To snip, or not to snip, that is the question. About the skin at the fore is not that to which I'm referring. Rather, I'm addressing the teeny tiny tube encased and buried deep inside the phallus that got myself, and many women before me (as well as many more to come--pun intended), into trouble in the first place. The tunnel of love through which a lucky Olympic-like nautical swimmer speeds down, doing its strongest strokes towards its date with destiny with the egg of the woman, waiting rather impatiently on the other end. Together a union of epic proportion is entered into -- the creation of a zygote that will transform over the course of forty weeks into a human life, a baby for whom the man human and woman human will bear responsibility for the rest of their lives. For some one kid is enough, for others two or three will complete their family, and then there are those on the fringe who've produced a brood of nineteen and they're still counting.
I love my children. They are the lights of my life. The breath to my lungs. The beats to my heart. But, there comes a time when what I want is freedom from the fear of becoming an alien host again. Maybe, I should take a page from Donna Martin's mom on Beverly Hills, 90210 and just abstain? My husband can survive, right? HA! While there's a panoply of options from which I can choose, for me the pregnancy panacea is a vasectomy. Yes, I used that dirty little v-word. Although a fairly non-invasive, quick and painless procedure, I know men will whine and whimper at the thought of having one, let alone throwing the epic tantrum that comes with having the discussion about the possibility of undergoing the procedure.
Some men I know believe that having the vasectomy conversation is more painful than for us women to give actual birth. Of course there are other methods to ensure that another puck doesn't get past the goalie, but let's not wear blinders -- all of those methods and the responsibility to implement them rest squarely on the one with the estrogen-pants wearer in the relationship. Men need to put themselves in the shoes of their wives, spouses, girlfriends, or whatever nomenclature you use to label your double XX partner through life. The vasectomy conversation doesn't have to be complicated or even painful. Mine went something along the lines of this:
"My love, the time has come to give your swimmers a Viking funeral," I advised Husband.

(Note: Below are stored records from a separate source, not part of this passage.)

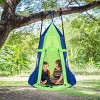 Infans 40" Kids Hanging Chair Swing Tent Set Hammock Nest Pod Seat Green - 2 of 4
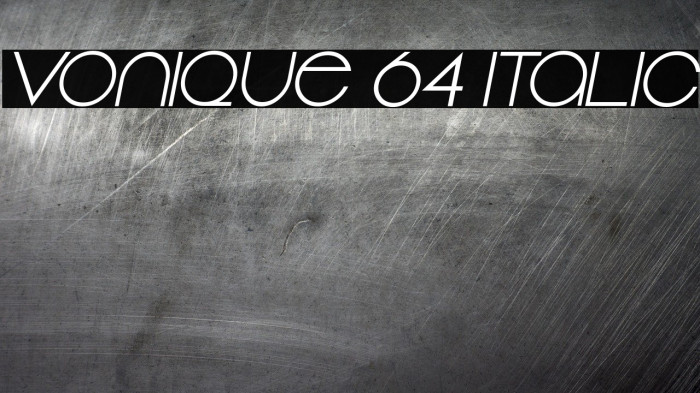 Vonique 64 Italic Fuentes examples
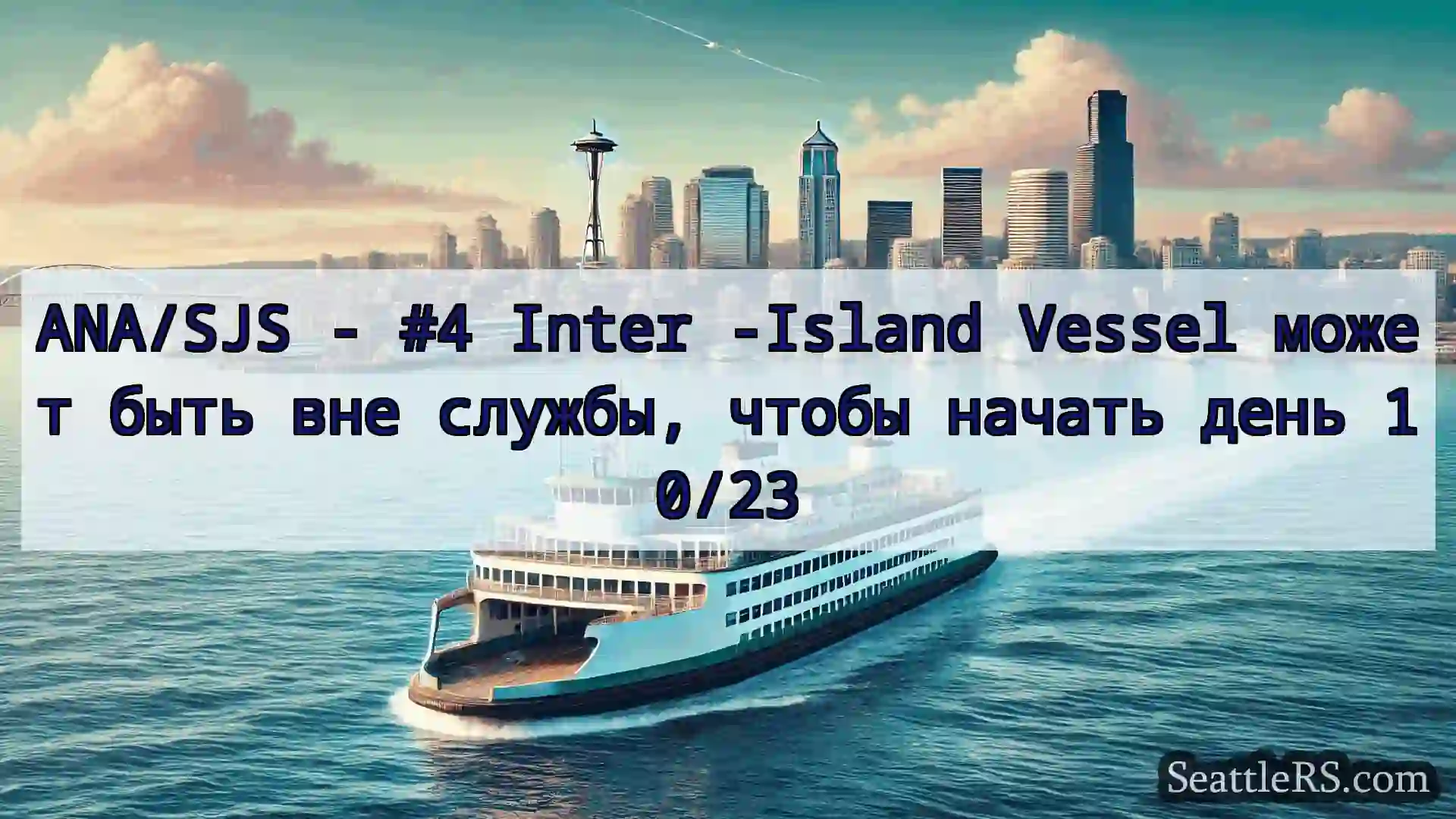 Сиэтл паромные новости ANA/SJS - #4 Inter -Island Vessel
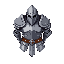middle age realistic knight brace armor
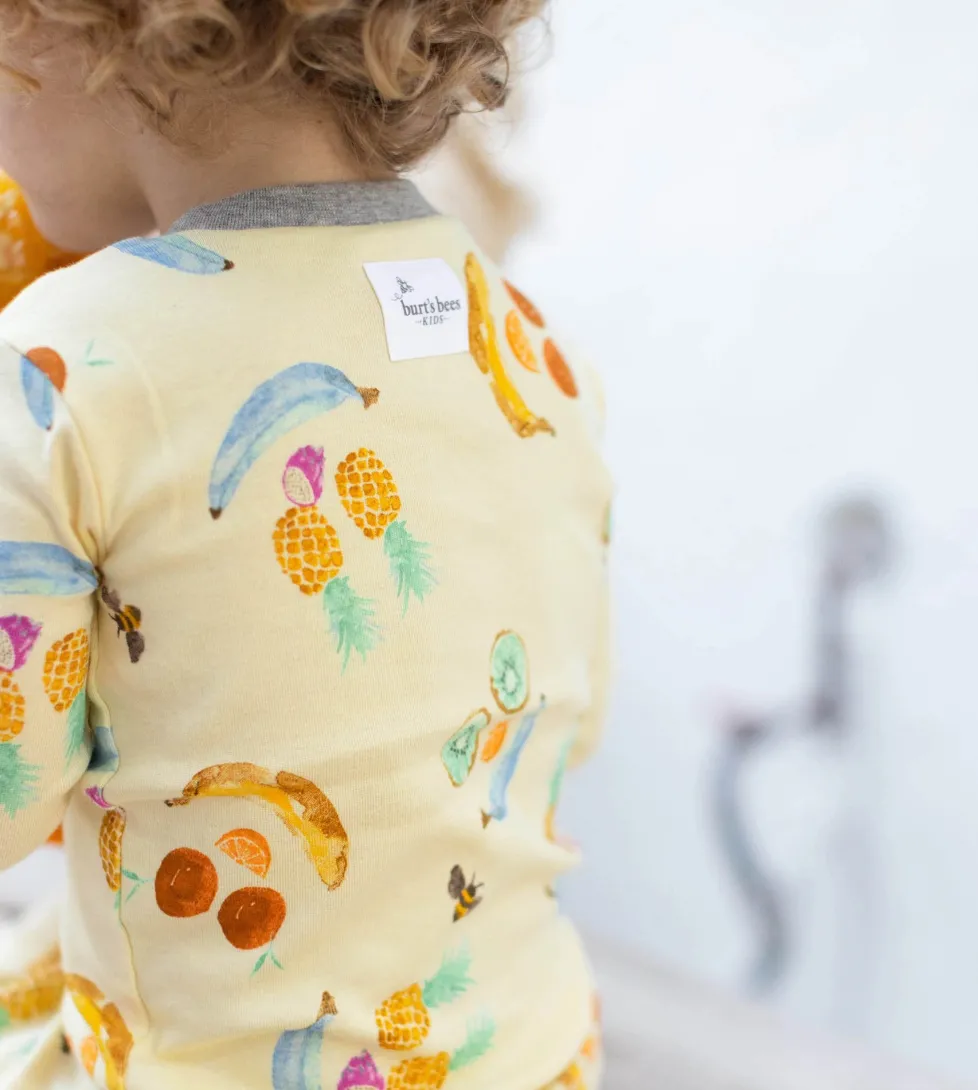 Burt's Bees Organic Baby One-Piece Sleep & Play Play With Your Food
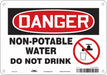Safety Sign 7 in x 10 in Aluminum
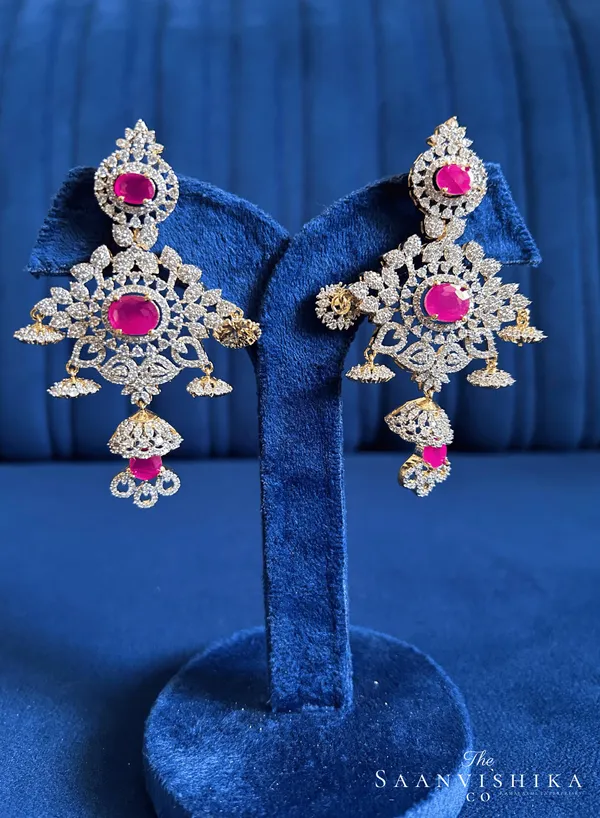 Red_Alloy_Triple_Stone_Modern_Jhumka_For_Women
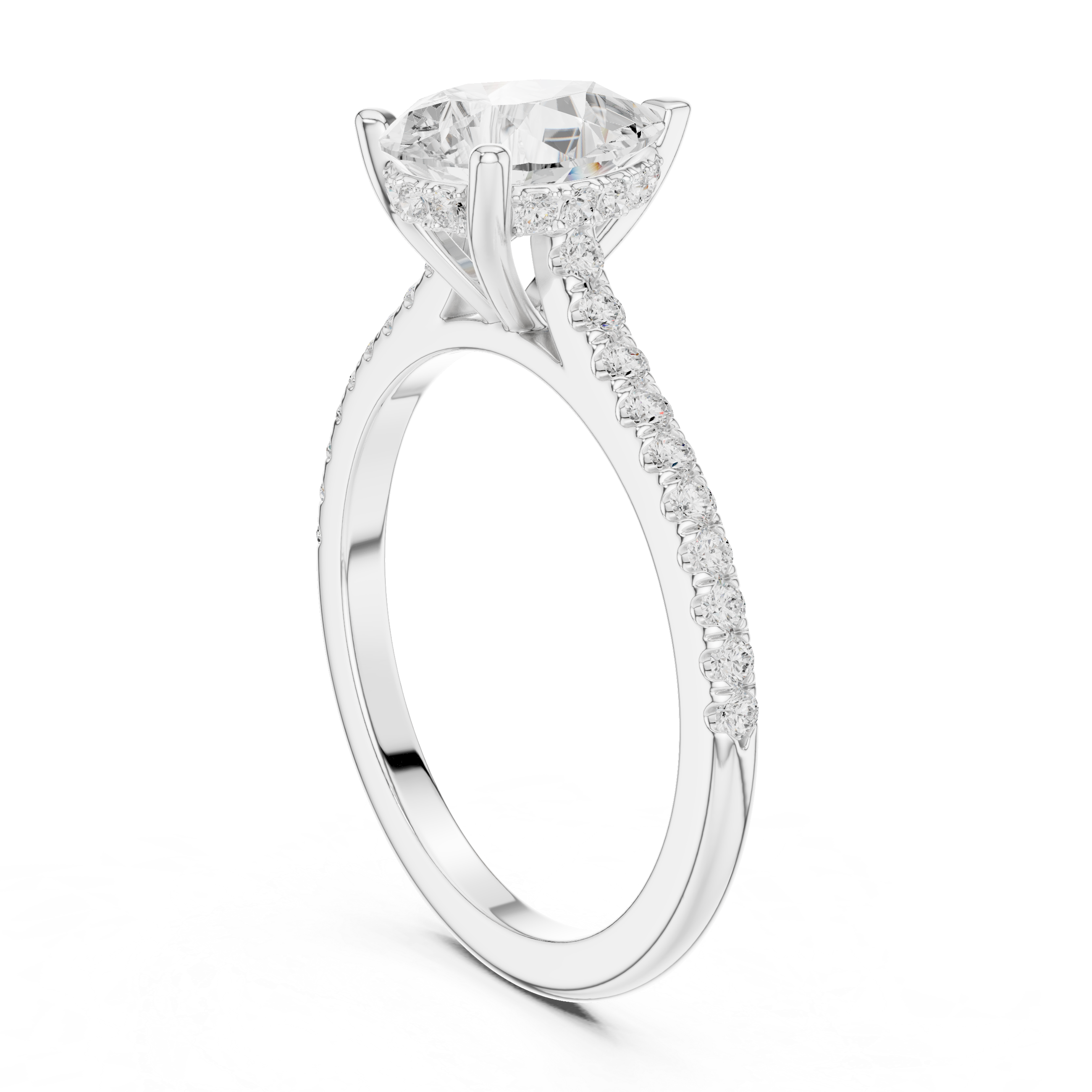Sparkling CZ Diamond Necklace with high shine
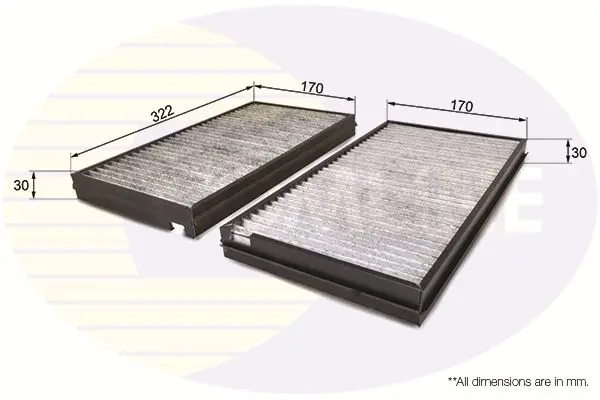 Filtrs, Salona telpas gaiss COMLINE EKF158A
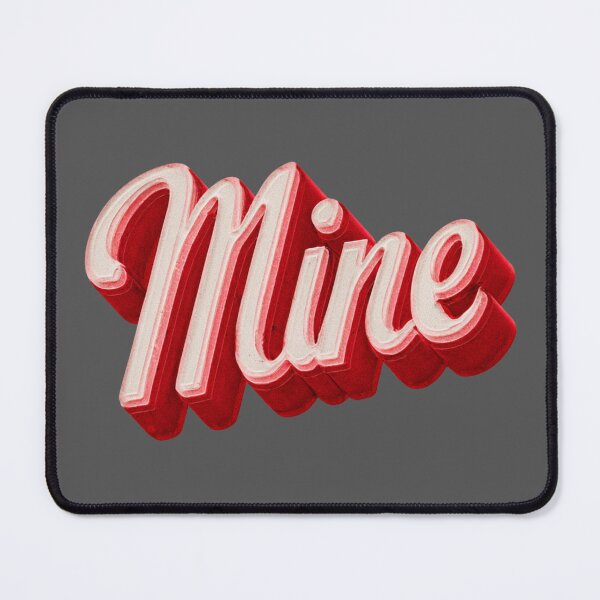 Item preview, Mine sticker designed and sold by MendaciousMina.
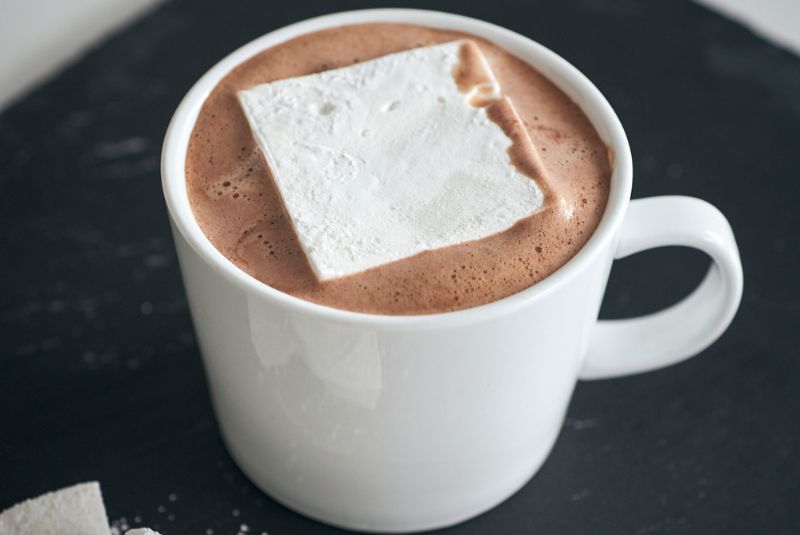 Hot chocolate with marshmallows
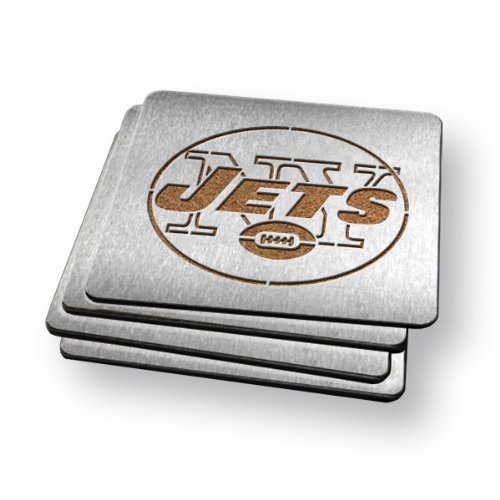 Sportula Products Boasters Stainless Steel Coasters, New York Jets at Amazon.com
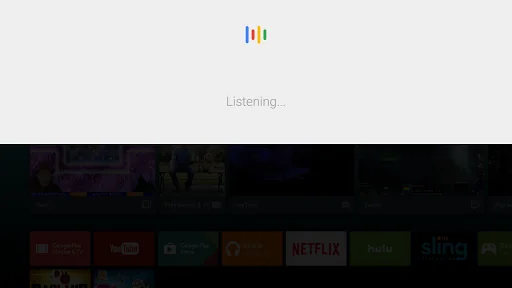 Google app for Android TV screenshot 1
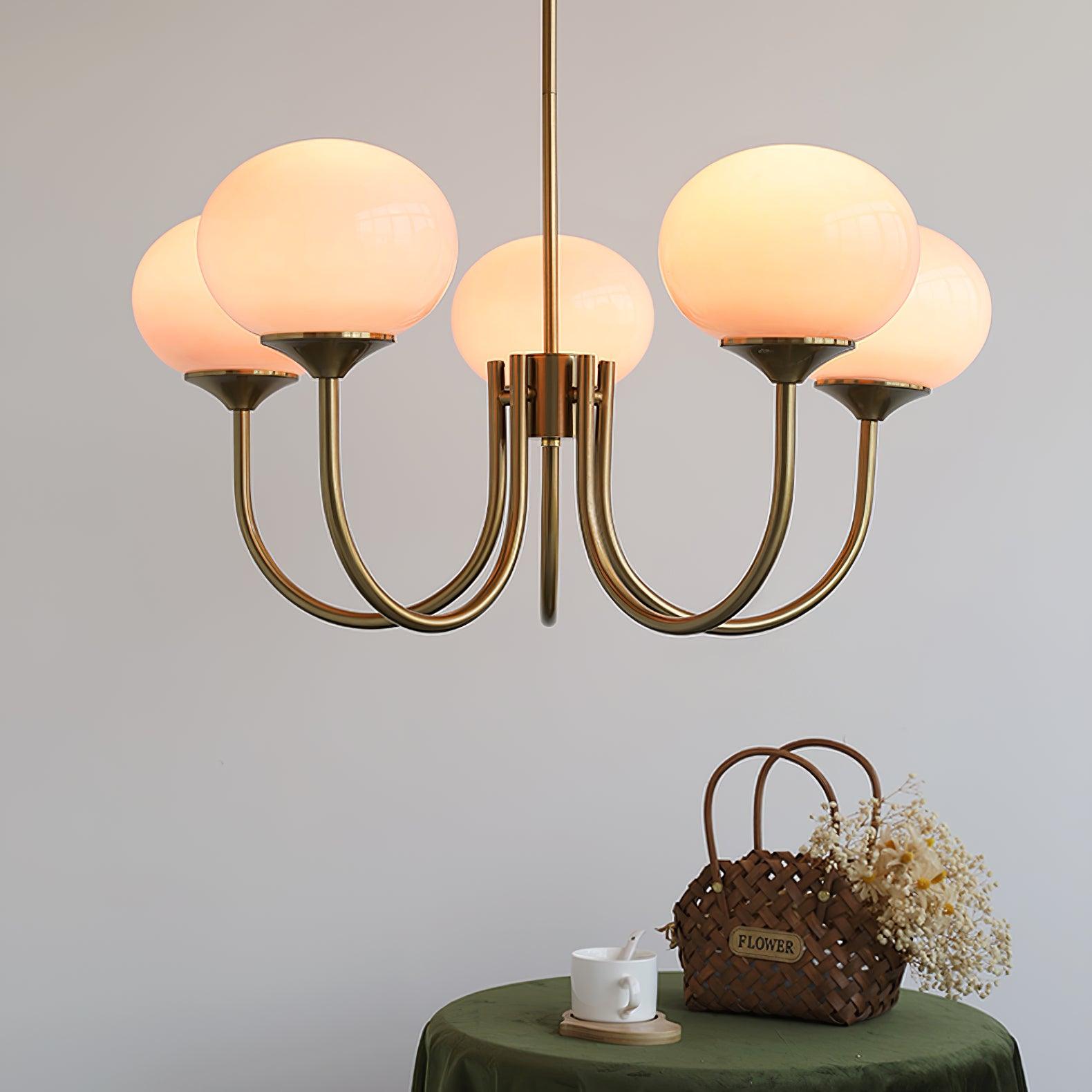 Wisząca lampa w kształcie chmury bąbelkowej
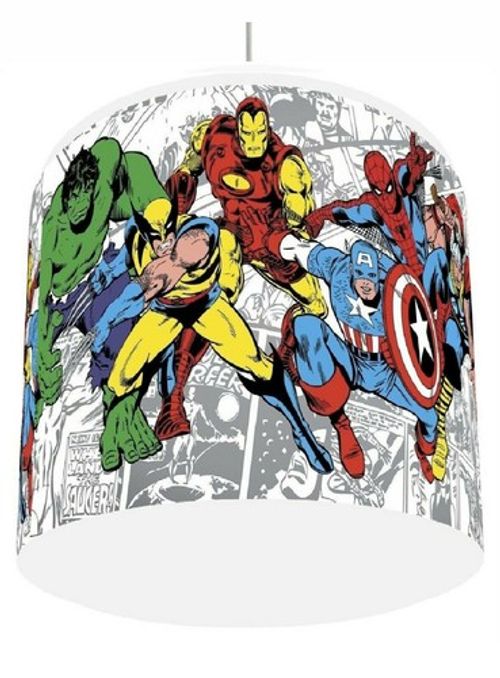 MARVEL AVENGERS SUPERHERO Kids Ceiling Light Shade / Lamp shade  in  4 DESIGNS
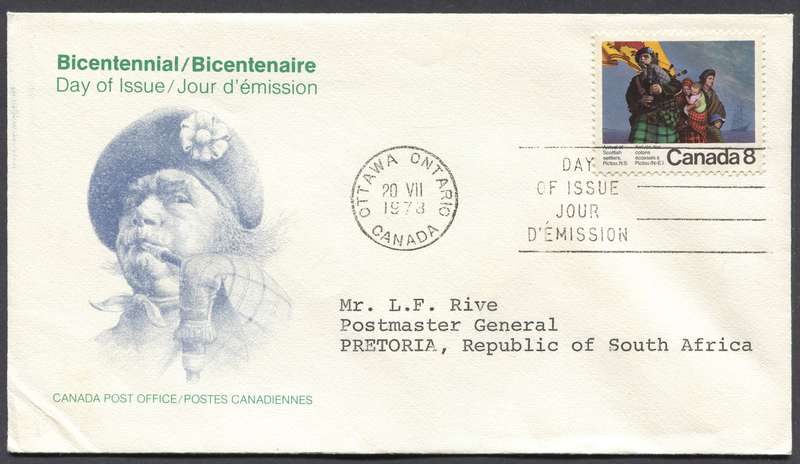 Canada - FDC - 1973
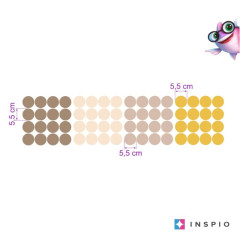 Inspio Kuličky v krémových odstínech do pokoje - samolepky na zeď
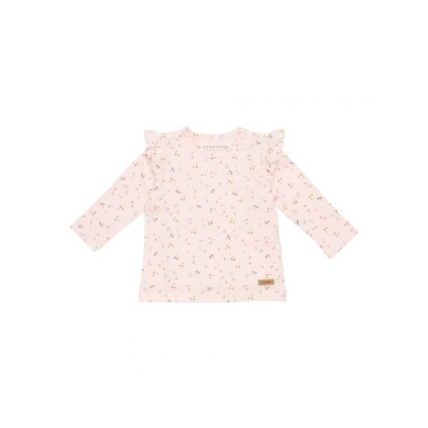 Avis T-shirt manches longues Little pink flowers LITTLE DUTCH 1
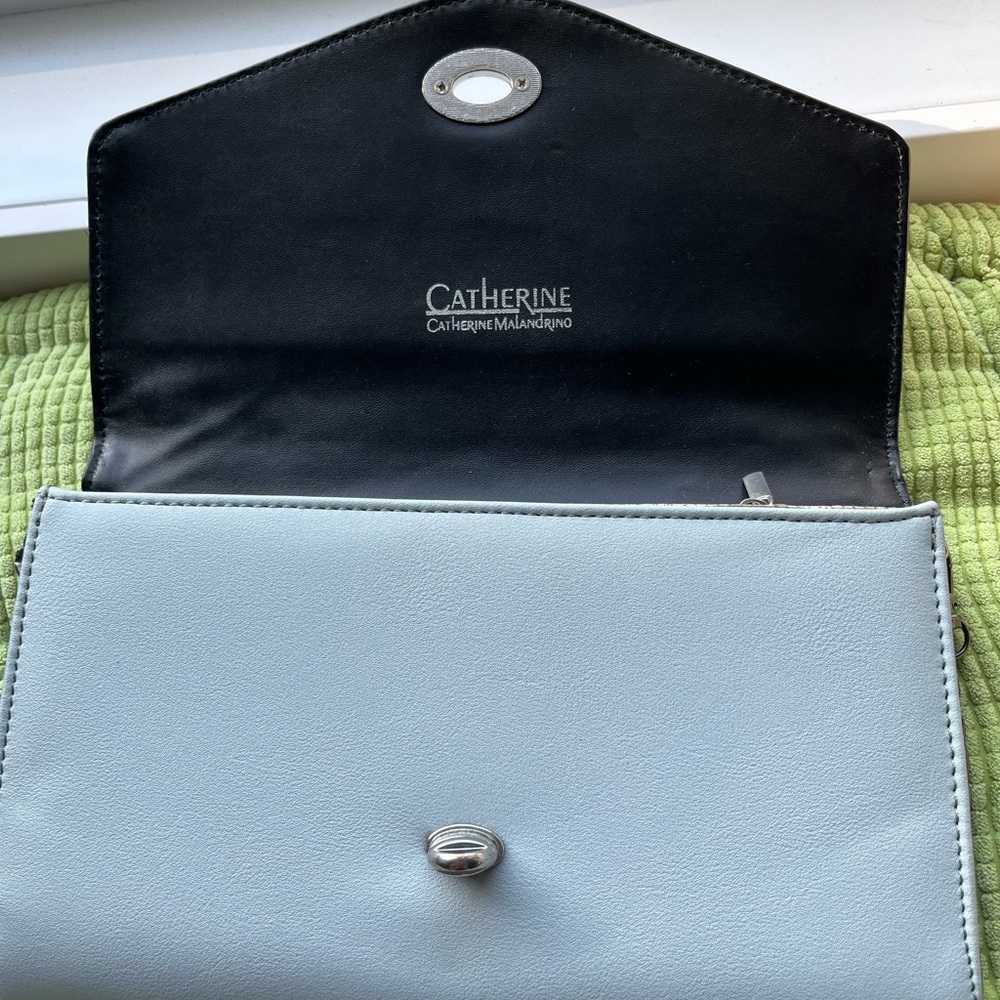 Catherine Malandrino Light Blue Floral Studded Crossbody Bag - Picture 4 of 6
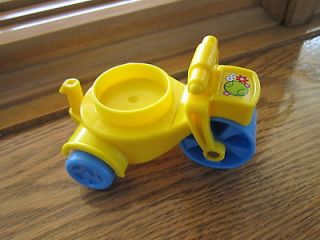 Fisher Price Little People City Town Park School yellow tricycle bike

"Of what dost thou speaketh?" hubby asked, a quizzical expression washing over his brow.
"Time to see a urologist and get fixed."
"That's what were trying to prevent from happening." I smiled. The joke was lost on my husband. "It's time to get a vasectomy."
Hubby laughed. My face remained stone cold, like Steve Austin's.
"You're not kidding?"
"Just take the pill."
"It's not 100% effective against Third Child Disease. And, I'm not interested in the risk of dying from a pulmonary embolism that's associated with them. "
"Then get one of those other birth control devices, like an IUD."
"Would you stick a copper wire device up your penis?" Husband winces. "Why don't you wear a condom?"
"Until I hit menopause."
"No, that's maybe 10, 15 years tops."
"Come on baby, those are only for when you're not monogamous. I don't want anything to come between our lovemaking."
"Babies work wonders at putting an end to lovemaking."
"In any event, condoms aren't even 100 per cent fool proof, so there's another reason why I shouldn't wear one. There's always the..."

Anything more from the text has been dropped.